** Records for this task **
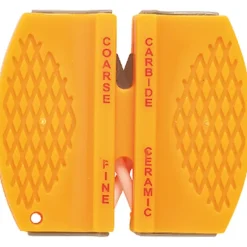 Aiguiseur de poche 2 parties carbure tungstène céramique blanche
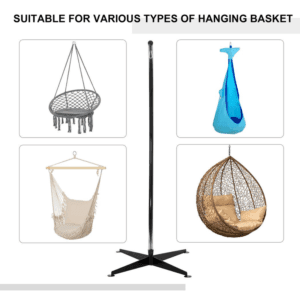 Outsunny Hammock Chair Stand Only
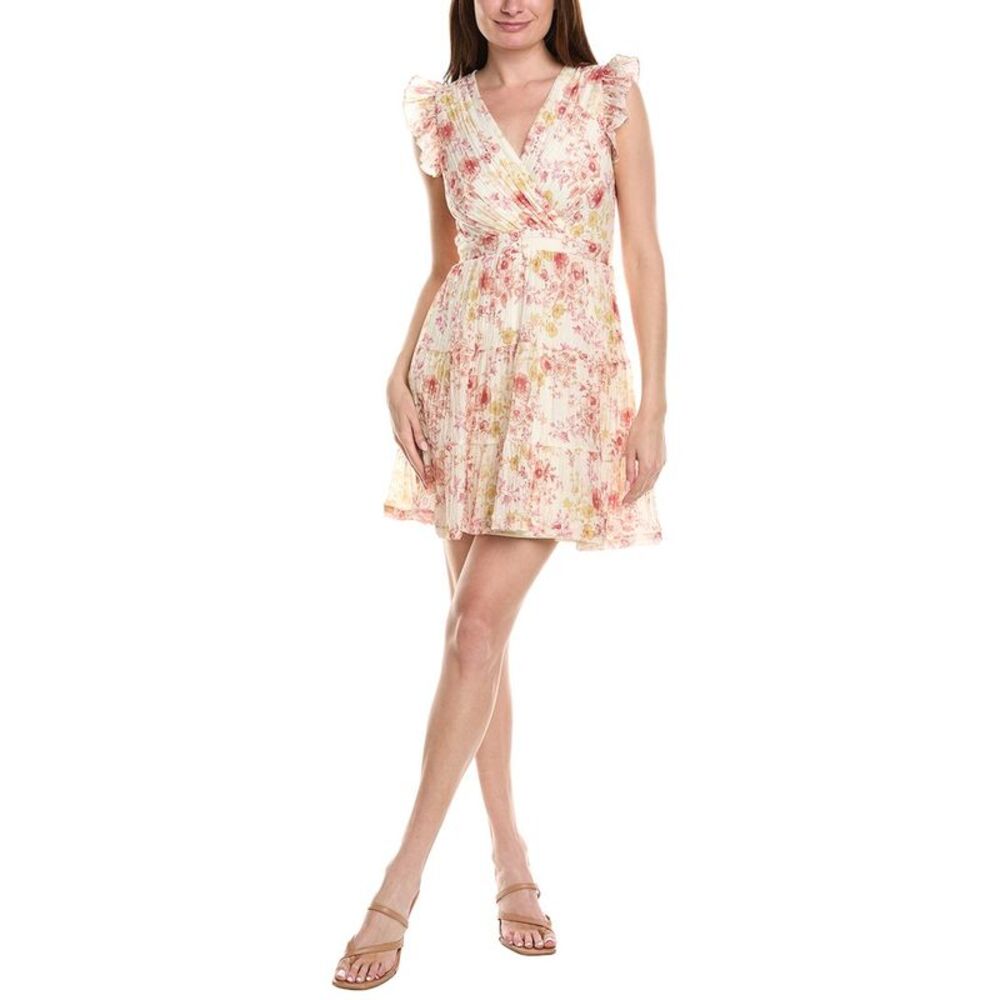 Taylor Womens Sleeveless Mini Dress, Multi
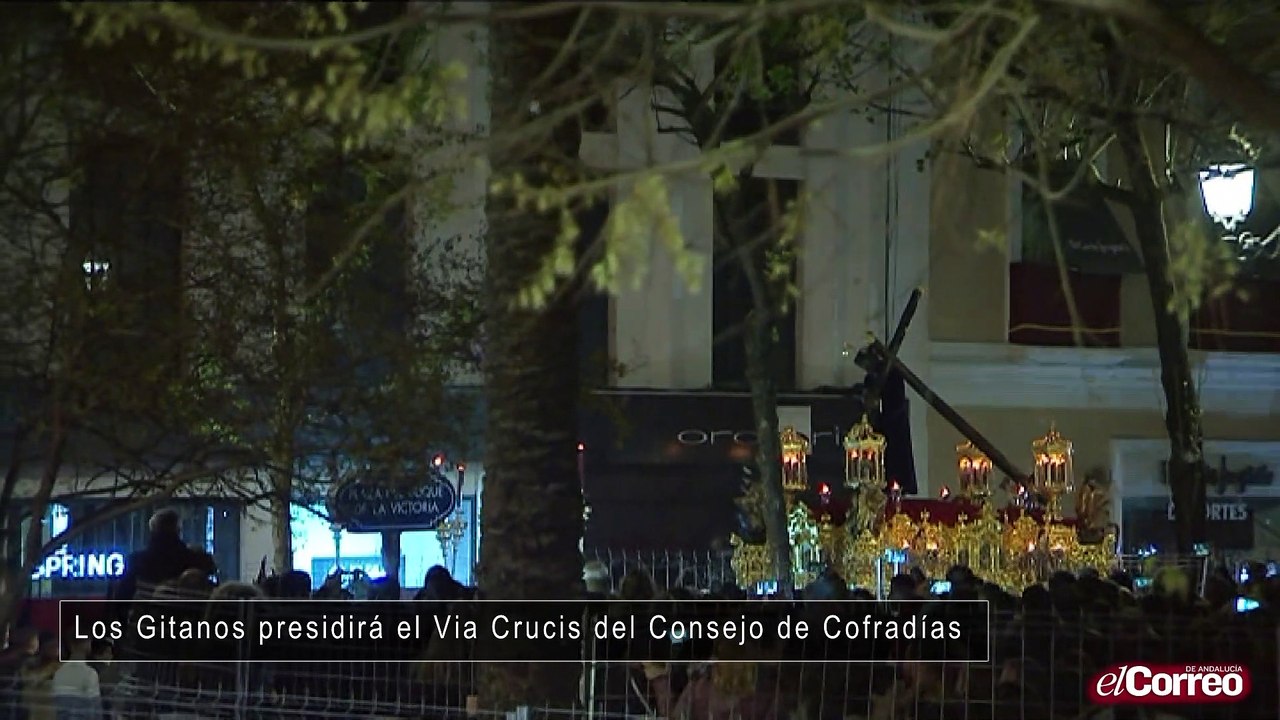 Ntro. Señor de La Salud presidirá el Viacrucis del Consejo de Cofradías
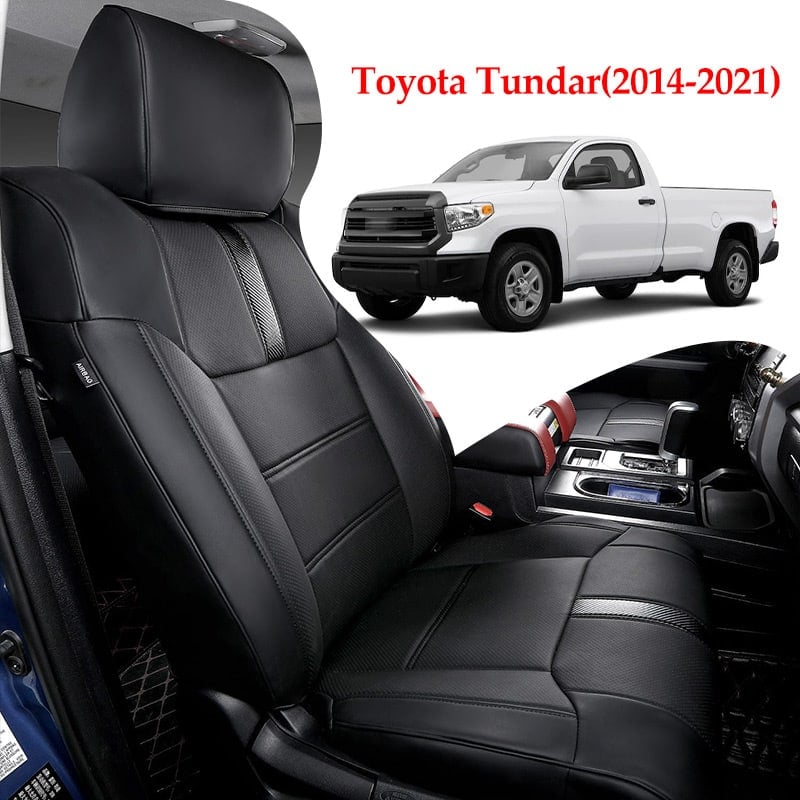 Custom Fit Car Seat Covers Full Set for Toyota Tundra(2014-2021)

** Work order **
Verbatim output, no pictures: the line holding "Outsunny Hammock Chair Stand Only" and all lines after it through the last line of the material, with nothing else.

** Solved problem **
 Outsunny Hammock Chair Stand Only
 Taylor Womens Sleeveless Mini Dress, Multi
 Ntro. Señor de La Salud presidirá el Viacrucis del Consejo de Cofradías
 Custom Fit Car Seat Covers Full Set for Toyota Tundra(2014-2021)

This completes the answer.